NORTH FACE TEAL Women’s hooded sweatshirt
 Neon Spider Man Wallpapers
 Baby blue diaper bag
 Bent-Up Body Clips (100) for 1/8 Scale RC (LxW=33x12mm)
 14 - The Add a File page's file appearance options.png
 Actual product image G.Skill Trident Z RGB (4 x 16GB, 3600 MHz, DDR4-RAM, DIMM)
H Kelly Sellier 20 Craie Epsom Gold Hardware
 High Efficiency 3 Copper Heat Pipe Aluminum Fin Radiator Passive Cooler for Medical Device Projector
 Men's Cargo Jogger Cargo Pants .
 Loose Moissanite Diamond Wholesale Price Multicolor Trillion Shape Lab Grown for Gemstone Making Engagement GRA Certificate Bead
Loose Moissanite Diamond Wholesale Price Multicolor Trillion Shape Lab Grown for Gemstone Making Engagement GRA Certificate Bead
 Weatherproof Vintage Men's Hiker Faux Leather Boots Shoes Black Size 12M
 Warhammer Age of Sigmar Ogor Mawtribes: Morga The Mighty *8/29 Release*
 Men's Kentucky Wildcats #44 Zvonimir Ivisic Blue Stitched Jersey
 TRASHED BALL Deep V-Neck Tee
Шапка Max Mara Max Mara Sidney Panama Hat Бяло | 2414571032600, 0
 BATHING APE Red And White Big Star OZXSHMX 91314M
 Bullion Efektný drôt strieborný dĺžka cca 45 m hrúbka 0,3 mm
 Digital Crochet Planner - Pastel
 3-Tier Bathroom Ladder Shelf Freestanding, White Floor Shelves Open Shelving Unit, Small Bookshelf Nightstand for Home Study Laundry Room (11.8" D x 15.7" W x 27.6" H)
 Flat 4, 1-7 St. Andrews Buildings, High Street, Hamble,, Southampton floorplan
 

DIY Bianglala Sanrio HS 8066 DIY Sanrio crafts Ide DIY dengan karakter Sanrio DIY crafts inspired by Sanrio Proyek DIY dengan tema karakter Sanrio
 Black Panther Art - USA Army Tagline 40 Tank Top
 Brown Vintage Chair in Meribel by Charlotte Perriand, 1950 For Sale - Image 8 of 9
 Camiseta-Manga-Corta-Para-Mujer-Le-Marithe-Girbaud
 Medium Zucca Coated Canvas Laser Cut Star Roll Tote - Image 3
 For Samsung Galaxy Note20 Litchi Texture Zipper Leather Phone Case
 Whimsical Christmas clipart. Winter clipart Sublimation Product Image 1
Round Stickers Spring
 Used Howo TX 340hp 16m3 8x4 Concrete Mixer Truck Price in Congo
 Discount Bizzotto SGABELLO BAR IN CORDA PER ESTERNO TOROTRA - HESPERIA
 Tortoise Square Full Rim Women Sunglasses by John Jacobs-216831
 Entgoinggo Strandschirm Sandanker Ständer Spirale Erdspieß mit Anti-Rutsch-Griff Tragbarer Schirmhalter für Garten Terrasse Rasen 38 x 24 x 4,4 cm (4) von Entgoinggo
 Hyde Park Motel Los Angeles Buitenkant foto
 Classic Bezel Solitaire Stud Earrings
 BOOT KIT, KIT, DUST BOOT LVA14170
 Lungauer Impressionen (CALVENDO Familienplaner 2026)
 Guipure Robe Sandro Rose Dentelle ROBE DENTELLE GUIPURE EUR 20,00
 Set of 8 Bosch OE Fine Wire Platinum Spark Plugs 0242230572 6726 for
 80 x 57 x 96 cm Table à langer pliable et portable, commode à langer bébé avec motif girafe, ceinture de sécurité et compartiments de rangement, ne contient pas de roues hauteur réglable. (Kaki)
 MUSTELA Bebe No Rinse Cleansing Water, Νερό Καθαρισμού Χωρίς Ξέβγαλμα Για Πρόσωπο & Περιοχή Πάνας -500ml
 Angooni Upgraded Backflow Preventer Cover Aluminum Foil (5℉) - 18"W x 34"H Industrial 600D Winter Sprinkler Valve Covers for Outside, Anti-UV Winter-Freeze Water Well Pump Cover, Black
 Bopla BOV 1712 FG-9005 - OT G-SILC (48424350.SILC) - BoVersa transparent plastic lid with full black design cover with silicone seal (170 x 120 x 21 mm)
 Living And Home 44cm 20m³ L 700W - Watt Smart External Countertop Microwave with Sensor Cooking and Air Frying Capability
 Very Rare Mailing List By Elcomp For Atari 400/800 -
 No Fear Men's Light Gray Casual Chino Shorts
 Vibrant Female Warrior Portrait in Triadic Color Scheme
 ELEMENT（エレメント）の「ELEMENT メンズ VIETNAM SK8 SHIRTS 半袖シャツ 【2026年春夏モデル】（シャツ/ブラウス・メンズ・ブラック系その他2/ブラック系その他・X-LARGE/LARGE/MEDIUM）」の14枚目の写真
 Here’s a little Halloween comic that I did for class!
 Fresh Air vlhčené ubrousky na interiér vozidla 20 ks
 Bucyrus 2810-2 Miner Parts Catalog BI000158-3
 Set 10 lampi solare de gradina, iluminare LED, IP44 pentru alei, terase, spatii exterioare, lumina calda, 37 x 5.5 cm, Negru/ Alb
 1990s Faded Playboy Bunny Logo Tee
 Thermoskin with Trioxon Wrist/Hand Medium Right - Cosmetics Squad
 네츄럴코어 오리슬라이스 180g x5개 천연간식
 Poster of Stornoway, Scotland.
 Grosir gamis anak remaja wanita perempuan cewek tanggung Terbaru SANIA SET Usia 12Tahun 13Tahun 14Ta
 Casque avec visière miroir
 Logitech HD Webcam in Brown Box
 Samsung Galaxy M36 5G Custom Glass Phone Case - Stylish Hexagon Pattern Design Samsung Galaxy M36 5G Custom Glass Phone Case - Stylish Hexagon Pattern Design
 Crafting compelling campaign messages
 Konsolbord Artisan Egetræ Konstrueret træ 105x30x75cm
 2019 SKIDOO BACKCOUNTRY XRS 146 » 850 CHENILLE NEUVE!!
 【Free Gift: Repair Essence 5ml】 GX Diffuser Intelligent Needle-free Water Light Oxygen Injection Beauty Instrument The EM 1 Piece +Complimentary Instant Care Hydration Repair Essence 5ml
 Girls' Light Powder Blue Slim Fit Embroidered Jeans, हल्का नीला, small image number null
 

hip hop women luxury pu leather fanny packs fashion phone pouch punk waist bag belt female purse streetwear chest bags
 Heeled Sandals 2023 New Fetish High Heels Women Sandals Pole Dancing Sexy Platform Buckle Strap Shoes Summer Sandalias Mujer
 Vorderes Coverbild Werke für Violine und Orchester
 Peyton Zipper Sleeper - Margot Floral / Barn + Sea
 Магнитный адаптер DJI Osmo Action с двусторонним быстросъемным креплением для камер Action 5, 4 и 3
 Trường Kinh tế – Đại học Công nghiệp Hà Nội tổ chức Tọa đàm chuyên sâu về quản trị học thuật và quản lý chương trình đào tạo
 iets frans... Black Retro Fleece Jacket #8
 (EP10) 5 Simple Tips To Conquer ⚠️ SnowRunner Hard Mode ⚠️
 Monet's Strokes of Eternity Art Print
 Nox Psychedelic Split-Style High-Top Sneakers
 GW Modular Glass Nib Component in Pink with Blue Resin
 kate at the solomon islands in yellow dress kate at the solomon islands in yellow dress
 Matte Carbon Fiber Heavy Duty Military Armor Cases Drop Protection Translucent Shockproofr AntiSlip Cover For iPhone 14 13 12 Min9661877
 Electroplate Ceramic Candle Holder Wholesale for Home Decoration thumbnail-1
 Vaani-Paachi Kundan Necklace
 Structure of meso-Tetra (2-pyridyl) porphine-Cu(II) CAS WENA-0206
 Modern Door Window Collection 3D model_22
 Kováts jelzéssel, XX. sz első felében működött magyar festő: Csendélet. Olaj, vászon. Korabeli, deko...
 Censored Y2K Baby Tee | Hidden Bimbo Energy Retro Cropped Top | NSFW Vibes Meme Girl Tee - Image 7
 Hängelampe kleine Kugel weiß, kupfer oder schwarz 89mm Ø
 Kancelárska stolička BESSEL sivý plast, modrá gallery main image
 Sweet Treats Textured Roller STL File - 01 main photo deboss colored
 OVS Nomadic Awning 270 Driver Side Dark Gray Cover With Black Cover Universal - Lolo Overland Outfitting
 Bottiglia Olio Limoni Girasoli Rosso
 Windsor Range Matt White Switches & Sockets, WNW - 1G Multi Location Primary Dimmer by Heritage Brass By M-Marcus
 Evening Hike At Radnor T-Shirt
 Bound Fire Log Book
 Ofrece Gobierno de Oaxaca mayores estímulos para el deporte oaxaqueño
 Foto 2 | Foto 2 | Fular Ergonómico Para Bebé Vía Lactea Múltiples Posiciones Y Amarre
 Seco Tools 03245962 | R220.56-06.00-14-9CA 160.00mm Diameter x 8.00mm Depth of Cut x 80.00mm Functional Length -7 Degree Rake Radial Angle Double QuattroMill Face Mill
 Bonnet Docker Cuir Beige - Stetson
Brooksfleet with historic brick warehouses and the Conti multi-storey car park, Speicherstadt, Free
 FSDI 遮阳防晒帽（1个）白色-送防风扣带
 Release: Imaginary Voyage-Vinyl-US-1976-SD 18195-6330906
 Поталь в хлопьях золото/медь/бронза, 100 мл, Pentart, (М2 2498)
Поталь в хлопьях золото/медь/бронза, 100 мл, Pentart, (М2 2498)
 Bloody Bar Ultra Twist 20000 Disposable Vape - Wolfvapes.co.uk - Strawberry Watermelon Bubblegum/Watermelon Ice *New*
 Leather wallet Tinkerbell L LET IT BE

* _Assigned task_: All lines in the listing above between the line with "Matte Carbon Fiber" and the line with "Hängelampe kleine Kugel", inclusive, should be set down exactly, and no line outside that range.

* _The completed task_:
 Matte Carbon Fiber Heavy Duty Military Armor Cases Drop Protection Translucent Shockproofr AntiSlip Cover For iPhone 14 13 12 Min9661877
 Electroplate Ceramic Candle Holder Wholesale for Home Decoration thumbnail-1
 Vaani-Paachi Kundan Necklace
 Structure of meso-Tetra (2-pyridyl) porphine-Cu(II) CAS WENA-0206
 Modern Door Window Collection 3D model_22
 Kováts jelzéssel, XX. sz első felében működött magyar festő: Csendélet. Olaj, vászon. Korabeli, deko...
 Censored Y2K Baby Tee | Hidden Bimbo Energy Retro Cropped Top | NSFW Vibes Meme Girl Tee - Image 7
 Hängelampe kleine Kugel weiß, kupfer oder schwarz 89mm Ø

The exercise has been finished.